El pasado 4 de julio en Nueva York no sólo se celebró la fiesta nacional por excelencia. También hubo regocijo por la decisión de la administración Obama de reabrir el acceso público al interior de la estatua de la Libertad, cerrado por seguridad desde el fatídico 11 de septiembre de 2001. Así que es el momento de aprovechar alguno de los vuelos baratos a Nueva York que abundan en el mercado y conocer los secretos de Miss Liberty. Aquí te desvelamos algunos.

Como es sabido, esta estatua fue un regalo de Francia a EEUU para conmemorar el centenario de su independencia, por iniciativa del jurista Edouard de Labourlaye. El escultor galo Frederic-Auguste Bartholdi la creó utilizando a su madre como modelo para el rostro, y desde el primer momento eligió el puerto neoyorkino como emplazamiento, mirando a Europa. El arquitecto Gustave Eiffel, el autor de la Torre parisina, se ocupó de diseñar el armazón interno de hierro.

La figura cruzó el Atlántico en piezas que se montaron a lo largo de un año sobre un pedestal afianzado sobre los cimientos del fuerte Wood, un viejo bastión de artillería que había en la isla Bedloe. Este estrado se financió con aportaciones populares hábilmente impulsadas por el magnate de la prensa Joseph Pulitzer, que de paso incrementó las ventas de sus periódicos.

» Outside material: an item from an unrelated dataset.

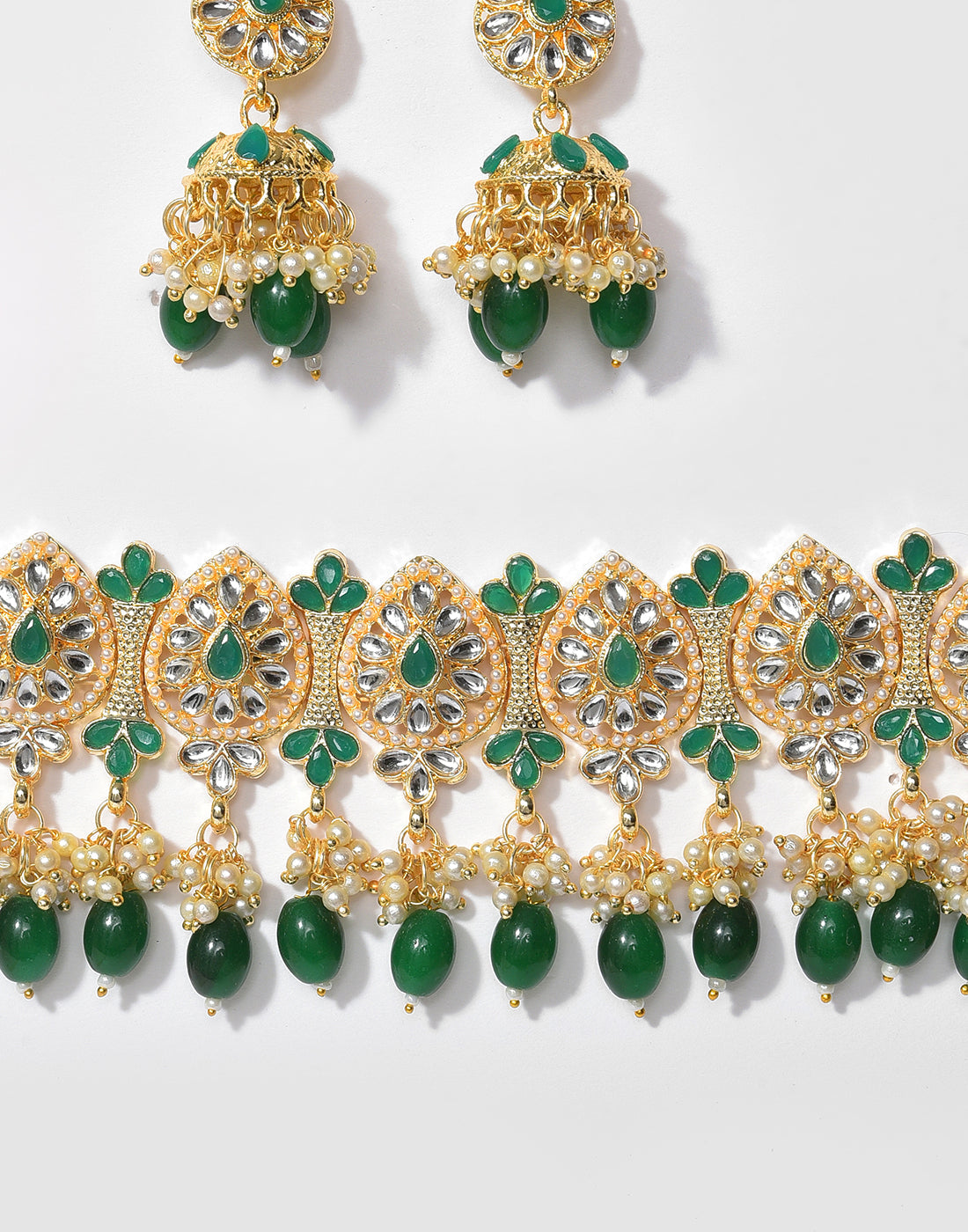 Kundan Gold Plated Necklace Set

Durante cien años, desde el 28 de octubre de 1886 (fecha de la inauguración), hasta el 3 de julio de 1986 (en que se reabrió tras una completa restauración que duró un año), millones de personas han tenido ocasión de contemplar este declarado Monumento Nacional que, con sus 46 metros de altura (más otros 49 de la base), su corona estrellada (en lugar del clásico gorro frigio), su Declaración de Independencia bajo el brazo y su antorcha símbolo del Siglo de las Luces (sustituida en 1985 por otra, puede verse en el vestíbulo), se utilizó como faro hasta 1902. Una curiosidad: recientemente Nueva Jersey ha reclamado judicialmente que la isla está en su parte del río Hudson y, por tanto, en su jurisdicción.

Para subir hasta la cabeza, máxima cota abierta al público, hay un tope de 240 personas diarias en grupos de diez. Así pues, tendrás que madrugar y armarte de paciencia. Quizá debas visitar la ciudad más de una vez para conseguir plaza.